Furious citizens protest utility's proposed 50 percent rate rise

April 19, 2007|By Kelly Brewington and Andrew A. Green | Kelly Brewington and Andrew A. Green,SUN REPORTERS

A small but angry crowd greeted Maryland's Public Service Commission with jeers and scorn last night during a public hearing on BGE's proposed 50 percent rate increase.

The crowd of about 30 assembled at Baltimore's War Memorial Building criticized Baltimore Gas and Electric, its parent company, Constellation Energy, and Gov. Martin O'Malley, who nominated four of the five members of the Public Service Commission shortly after taking office in January and pledged to make the body more consumer-friendly.

Several people clad in T-shirts reading, "O'Malley's PSC, bought and paid for by Constellation," said that state officials are doing nothing to stop the utility from profiting on the backs of the poor.

"They're already rich; they just want to get richer," said Renee Washington. "We're already poor; we ain't got nowhere to go but being homeless."

The crowd erupted in mocking laughter when Mark Case, the head of regulatory services for BGE, said the company does everything it can to keep its prices low.

Commission Chairman Steven B. Larsen reminded the crowd at the beginning of the hearing that the rate increase is not a foregone conclusion. BGE's 1.1. million residential customers are scheduled to pay full market prices in June unless they take part in a second deferral plan, which the commission is considering during hearings throughout this week.

The increase is related to last year's 72 percent increase, which the General Assembly negotiated last summer to hold temporarily at 15 percent.

"The only thing I can tell you is ... we were appointed to make sure that whatever happens with BGE rates is justified," Larsen said. "If they are not justified, they won't happen."

Others at the hearing questioned why Maryland is not moving to reverse the legislature's 1999 decision to deregulate the electric industry. They said that Maryland should follow the lead of other states that have reinstated rate caps. Maryland's rate caps expired last summer.

Earlier yesterday, during six hours of testimony in the commission's hearing room in its downtown headquarters, commissioners discussed the future of the state's energy industry.

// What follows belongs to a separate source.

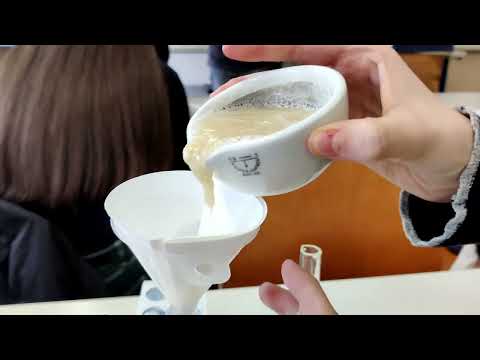 DNA-Isolation aus Bananen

"The biggest question is, `How do we go forward?" said People's Counsel Paula M. Carmody in an interview. "We need to decide how electricity is going to be provided to Maryland consumers. ... Otherwise we will be back here every year asking the same questions."

During that hearing, Larsen described the electricity bidding process that resulted in the 72 percent rate increase as a "train wreck."

William B. Pino, BGE's director of electric supply, responded that high energy prices and the end of price caps, not the organization of the bidding process, contributed to the sharp increase.

Larsen asked Pino if BGE could mimic the procedure of electric company Southern Maryland Electric Cooperative, whose power contracts are larger and span more years than BGE's -- and whose average cost to ratepayers is lower.

After some terse back-and-forth, Pino said BGE could look into such a model. Said Pino: "It would warrant examination, certainly."